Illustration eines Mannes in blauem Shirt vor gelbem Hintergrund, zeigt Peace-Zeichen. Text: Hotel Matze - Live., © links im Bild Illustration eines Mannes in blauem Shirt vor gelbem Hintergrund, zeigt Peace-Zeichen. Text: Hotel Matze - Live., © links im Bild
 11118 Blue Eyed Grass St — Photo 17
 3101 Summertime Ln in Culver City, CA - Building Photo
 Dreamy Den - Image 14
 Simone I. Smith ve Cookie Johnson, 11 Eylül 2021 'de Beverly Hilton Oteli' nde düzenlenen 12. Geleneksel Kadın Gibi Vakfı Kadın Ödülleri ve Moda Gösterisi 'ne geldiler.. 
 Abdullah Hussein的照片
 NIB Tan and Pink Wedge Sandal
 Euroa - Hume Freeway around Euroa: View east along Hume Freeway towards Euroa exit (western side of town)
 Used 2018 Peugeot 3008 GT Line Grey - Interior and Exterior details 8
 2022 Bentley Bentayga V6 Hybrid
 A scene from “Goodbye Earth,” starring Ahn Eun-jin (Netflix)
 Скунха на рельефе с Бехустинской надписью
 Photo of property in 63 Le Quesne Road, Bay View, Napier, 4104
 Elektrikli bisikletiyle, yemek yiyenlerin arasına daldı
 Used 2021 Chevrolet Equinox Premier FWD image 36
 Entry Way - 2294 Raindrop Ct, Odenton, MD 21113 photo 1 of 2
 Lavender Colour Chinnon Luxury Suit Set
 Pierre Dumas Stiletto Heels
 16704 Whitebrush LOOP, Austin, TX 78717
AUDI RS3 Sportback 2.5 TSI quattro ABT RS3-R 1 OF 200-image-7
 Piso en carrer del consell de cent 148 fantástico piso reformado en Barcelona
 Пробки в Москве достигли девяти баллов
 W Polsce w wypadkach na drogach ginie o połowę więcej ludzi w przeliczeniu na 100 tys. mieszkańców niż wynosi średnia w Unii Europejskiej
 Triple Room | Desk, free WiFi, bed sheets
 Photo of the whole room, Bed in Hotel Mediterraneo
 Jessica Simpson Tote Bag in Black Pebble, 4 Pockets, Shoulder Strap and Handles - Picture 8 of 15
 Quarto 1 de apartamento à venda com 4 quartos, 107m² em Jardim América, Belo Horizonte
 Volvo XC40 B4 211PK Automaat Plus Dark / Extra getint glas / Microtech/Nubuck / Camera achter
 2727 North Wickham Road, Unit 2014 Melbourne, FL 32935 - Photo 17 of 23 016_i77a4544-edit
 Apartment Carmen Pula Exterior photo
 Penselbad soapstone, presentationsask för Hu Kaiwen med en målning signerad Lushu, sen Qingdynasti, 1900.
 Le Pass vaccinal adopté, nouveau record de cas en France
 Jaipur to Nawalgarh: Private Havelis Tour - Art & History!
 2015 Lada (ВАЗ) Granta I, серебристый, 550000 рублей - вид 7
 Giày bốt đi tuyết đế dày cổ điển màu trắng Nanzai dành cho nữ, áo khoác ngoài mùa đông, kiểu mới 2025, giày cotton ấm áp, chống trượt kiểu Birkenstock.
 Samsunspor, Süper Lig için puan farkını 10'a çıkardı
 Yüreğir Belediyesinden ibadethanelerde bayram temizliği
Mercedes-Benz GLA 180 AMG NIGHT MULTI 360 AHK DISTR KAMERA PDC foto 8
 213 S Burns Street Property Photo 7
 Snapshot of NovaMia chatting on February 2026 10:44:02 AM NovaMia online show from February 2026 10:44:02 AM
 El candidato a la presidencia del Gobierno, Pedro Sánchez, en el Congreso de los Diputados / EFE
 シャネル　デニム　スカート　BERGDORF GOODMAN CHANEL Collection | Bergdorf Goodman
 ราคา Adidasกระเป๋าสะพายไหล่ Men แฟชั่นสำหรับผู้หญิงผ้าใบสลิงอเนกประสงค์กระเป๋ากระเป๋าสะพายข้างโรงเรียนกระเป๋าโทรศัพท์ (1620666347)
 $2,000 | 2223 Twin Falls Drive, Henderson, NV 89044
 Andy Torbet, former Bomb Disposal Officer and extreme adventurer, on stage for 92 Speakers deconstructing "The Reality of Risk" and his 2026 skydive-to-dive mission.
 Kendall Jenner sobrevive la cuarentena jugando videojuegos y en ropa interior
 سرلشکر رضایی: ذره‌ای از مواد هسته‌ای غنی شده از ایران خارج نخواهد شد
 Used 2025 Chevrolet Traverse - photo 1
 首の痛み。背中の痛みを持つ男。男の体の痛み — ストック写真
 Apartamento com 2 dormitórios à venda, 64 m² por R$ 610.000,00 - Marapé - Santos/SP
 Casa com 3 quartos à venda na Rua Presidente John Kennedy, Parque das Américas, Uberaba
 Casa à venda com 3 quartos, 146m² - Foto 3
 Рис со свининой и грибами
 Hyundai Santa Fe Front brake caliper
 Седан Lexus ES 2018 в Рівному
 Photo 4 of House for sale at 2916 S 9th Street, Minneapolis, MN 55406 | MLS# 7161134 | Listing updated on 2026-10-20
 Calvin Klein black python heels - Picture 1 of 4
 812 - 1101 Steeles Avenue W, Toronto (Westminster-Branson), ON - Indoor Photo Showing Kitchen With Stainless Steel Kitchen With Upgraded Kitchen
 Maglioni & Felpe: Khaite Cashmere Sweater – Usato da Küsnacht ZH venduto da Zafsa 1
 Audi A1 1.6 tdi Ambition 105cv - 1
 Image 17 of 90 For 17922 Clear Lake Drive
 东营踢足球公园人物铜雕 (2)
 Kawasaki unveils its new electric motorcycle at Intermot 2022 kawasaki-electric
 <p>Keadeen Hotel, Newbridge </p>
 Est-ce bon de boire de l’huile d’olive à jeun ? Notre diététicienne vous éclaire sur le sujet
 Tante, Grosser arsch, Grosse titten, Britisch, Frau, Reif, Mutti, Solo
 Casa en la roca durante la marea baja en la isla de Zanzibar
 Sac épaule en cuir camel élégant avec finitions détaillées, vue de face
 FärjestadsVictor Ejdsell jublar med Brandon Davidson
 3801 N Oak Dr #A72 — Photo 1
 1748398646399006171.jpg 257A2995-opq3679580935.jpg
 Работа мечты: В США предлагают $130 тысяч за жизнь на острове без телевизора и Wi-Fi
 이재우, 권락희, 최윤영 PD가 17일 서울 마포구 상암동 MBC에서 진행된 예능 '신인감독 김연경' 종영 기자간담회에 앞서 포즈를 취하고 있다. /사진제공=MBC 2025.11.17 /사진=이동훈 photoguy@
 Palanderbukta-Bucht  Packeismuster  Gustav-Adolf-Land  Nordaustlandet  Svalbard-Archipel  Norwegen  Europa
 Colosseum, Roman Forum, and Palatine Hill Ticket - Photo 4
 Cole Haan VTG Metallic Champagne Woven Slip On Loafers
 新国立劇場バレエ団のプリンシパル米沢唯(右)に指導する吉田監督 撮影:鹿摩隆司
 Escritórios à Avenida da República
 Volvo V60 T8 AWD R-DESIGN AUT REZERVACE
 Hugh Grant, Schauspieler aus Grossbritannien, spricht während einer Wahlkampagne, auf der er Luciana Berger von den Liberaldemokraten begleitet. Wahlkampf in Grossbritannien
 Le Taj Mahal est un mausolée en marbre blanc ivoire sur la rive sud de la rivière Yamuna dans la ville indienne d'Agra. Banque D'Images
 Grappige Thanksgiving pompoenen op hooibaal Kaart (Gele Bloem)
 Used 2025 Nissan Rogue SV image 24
+++
--- PROBLEM TO SOLVE ---
Reproduce all of the records exactly.

--- EXERCISE RESULT ---
Illustration eines Mannes in blauem Shirt vor gelbem Hintergrund, zeigt Peace-Zeichen. Text: Hotel Matze - Live., © links im Bild Illustration eines Mannes in blauem Shirt vor gelbem Hintergrund, zeigt Peace-Zeichen. Text: Hotel Matze - Live., © links im Bild
 11118 Blue Eyed Grass St — Photo 17
 3101 Summertime Ln in Culver City, CA - Building Photo
 Dreamy Den - Image 14
 Simone I. Smith ve Cookie Johnson, 11 Eylül 2021 'de Beverly Hilton Oteli' nde düzenlenen 12. Geleneksel Kadın Gibi Vakfı Kadın Ödülleri ve Moda Gösterisi 'ne geldiler.. 
 Abdullah Hussein的照片
 NIB Tan and Pink Wedge Sandal
 Euroa - Hume Freeway around Euroa: View east along Hume Freeway towards Euroa exit (western side of town)
 Used 2018 Peugeot 3008 GT Line Grey - Interior and Exterior details 8
 2022 Bentley Bentayga V6 Hybrid
 A scene from “Goodbye Earth,” starring Ahn Eun-jin (Netflix)
 Скунха на рельефе с Бехустинской надписью
 Photo of property in 63 Le Quesne Road, Bay View, Napier, 4104
 Elektrikli bisikletiyle, yemek yiyenlerin arasına daldı
 Used 2021 Chevrolet Equinox Premier FWD image 36
 Entry Way - 2294 Raindrop Ct, Odenton, MD 21113 photo 1 of 2
 Lavender Colour Chinnon Luxury Suit Set
 Pierre Dumas Stiletto Heels
 16704 Whitebrush LOOP, Austin, TX 78717
AUDI RS3 Sportback 2.5 TSI quattro ABT RS3-R 1 OF 200-image-7
 Piso en carrer del consell de cent 148 fantástico piso reformado en Barcelona
 Пробки в Москве достигли девяти баллов
 W Polsce w wypadkach na drogach ginie o połowę więcej ludzi w przeliczeniu na 100 tys. mieszkańców niż wynosi średnia w Unii Europejskiej
 Triple Room | Desk, free WiFi, bed sheets
 Photo of the whole room, Bed in Hotel Mediterraneo
 Jessica Simpson Tote Bag in Black Pebble, 4 Pockets, Shoulder Strap and Handles - Picture 8 of 15
 Quarto 1 de apartamento à venda com 4 quartos, 107m² em Jardim América, Belo Horizonte
 Volvo XC40 B4 211PK Automaat Plus Dark / Extra getint glas / Microtech/Nubuck / Camera achter
 2727 North Wickham Road, Unit 2014 Melbourne, FL 32935 - Photo 17 of 23 016_i77a4544-edit
 Apartment Carmen Pula Exterior photo
 Penselbad soapstone, presentationsask för Hu Kaiwen med en målning signerad Lushu, sen Qingdynasti, 1900.
 Le Pass vaccinal adopté, nouveau record de cas en France
 Jaipur to Nawalgarh: Private Havelis Tour - Art & History!
 2015 Lada (ВАЗ) Granta I, серебристый, 550000 рублей - вид 7
 Giày bốt đi tuyết đế dày cổ điển màu trắng Nanzai dành cho nữ, áo khoác ngoài mùa đông, kiểu mới 2025, giày cotton ấm áp, chống trượt kiểu Birkenstock.
 Samsunspor, Süper Lig için puan farkını 10'a çıkardı
 Yüreğir Belediyesinden ibadethanelerde bayram temizliği
Mercedes-Benz GLA 180 AMG NIGHT MULTI 360 AHK DISTR KAMERA PDC foto 8
 213 S Burns Street Property Photo 7
 Snapshot of NovaMia chatting on February 2026 10:44:02 AM NovaMia online show from February 2026 10:44:02 AM
 El candidato a la presidencia del Gobierno, Pedro Sánchez, en el Congreso de los Diputados / EFE
 シャネル　デニム　スカート　BERGDORF GOODMAN CHANEL Collection | Bergdorf Goodman
 ราคา Adidasกระเป๋าสะพายไหล่ Men แฟชั่นสำหรับผู้หญิงผ้าใบสลิงอเนกประสงค์กระเป๋ากระเป๋าสะพายข้างโรงเรียนกระเป๋าโทรศัพท์ (1620666347)
 $2,000 | 2223 Twin Falls Drive, Henderson, NV 89044
 Andy Torbet, former Bomb Disposal Officer and extreme adventurer, on stage for 92 Speakers deconstructing "The Reality of Risk" and his 2026 skydive-to-dive mission.
 Kendall Jenner sobrevive la cuarentena jugando videojuegos y en ropa interior
 سرلشکر رضایی: ذره‌ای از مواد هسته‌ای غنی شده از ایران خارج نخواهد شد
 Used 2025 Chevrolet Traverse - photo 1
 首の痛み。背中の痛みを持つ男。男の体の痛み — ストック写真
 Apartamento com 2 dormitórios à venda, 64 m² por R$ 610.000,00 - Marapé - Santos/SP
 Casa com 3 quartos à venda na Rua Presidente John Kennedy, Parque das Américas, Uberaba
 Casa à venda com 3 quartos, 146m² - Foto 3
 Рис со свининой и грибами
 Hyundai Santa Fe Front brake caliper
 Седан Lexus ES 2018 в Рівному
 Photo 4 of House for sale at 2916 S 9th Street, Minneapolis, MN 55406 | MLS# 7161134 | Listing updated on 2026-10-20
 Calvin Klein black python heels - Picture 1 of 4
 812 - 1101 Steeles Avenue W, Toronto (Westminster-Branson), ON - Indoor Photo Showing Kitchen With Stainless Steel Kitchen With Upgraded Kitchen
 Maglioni & Felpe: Khaite Cashmere Sweater – Usato da Küsnacht ZH venduto da Zafsa 1
 Audi A1 1.6 tdi Ambition 105cv - 1
 Image 17 of 90 For 17922 Clear Lake Drive
 东营踢足球公园人物铜雕 (2)
 Kawasaki unveils its new electric motorcycle at Intermot 2022 kawasaki-electric
 <p>Keadeen Hotel, Newbridge </p>
 Est-ce bon de boire de l’huile d’olive à jeun ? Notre diététicienne vous éclaire sur le sujet
 Tante, Grosser arsch, Grosse titten, Britisch, Frau, Reif, Mutti, Solo
 Casa en la roca durante la marea baja en la isla de Zanzibar
 Sac épaule en cuir camel élégant avec finitions détaillées, vue de face
 FärjestadsVictor Ejdsell jublar med Brandon Davidson
 3801 N Oak Dr #A72 — Photo 1
 1748398646399006171.jpg 257A2995-opq3679580935.jpg
 Работа мечты: В США предлагают $130 тысяч за жизнь на острове без телевизора и Wi-Fi
 이재우, 권락희, 최윤영 PD가 17일 서울 마포구 상암동 MBC에서 진행된 예능 '신인감독 김연경' 종영 기자간담회에 앞서 포즈를 취하고 있다. /사진제공=MBC 2025.11.17 /사진=이동훈 photoguy@
 Palanderbukta-Bucht  Packeismuster  Gustav-Adolf-Land  Nordaustlandet  Svalbard-Archipel  Norwegen  Europa
 Colosseum, Roman Forum, and Palatine Hill Ticket - Photo 4
 Cole Haan VTG Metallic Champagne Woven Slip On Loafers
 新国立劇場バレエ団のプリンシパル米沢唯(右)に指導する吉田監督 撮影:鹿摩隆司
 Escritórios à Avenida da República
 Volvo V60 T8 AWD R-DESIGN AUT REZERVACE
 Hugh Grant, Schauspieler aus Grossbritannien, spricht während einer Wahlkampagne, auf der er Luciana Berger von den Liberaldemokraten begleitet. Wahlkampf in Grossbritannien
 Le Taj Mahal est un mausolée en marbre blanc ivoire sur la rive sud de la rivière Yamuna dans la ville indienne d'Agra. Banque D'Images
 Grappige Thanksgiving pompoenen op hooibaal Kaart (Gele Bloem)
 Used 2025 Nissan Rogue SV image 24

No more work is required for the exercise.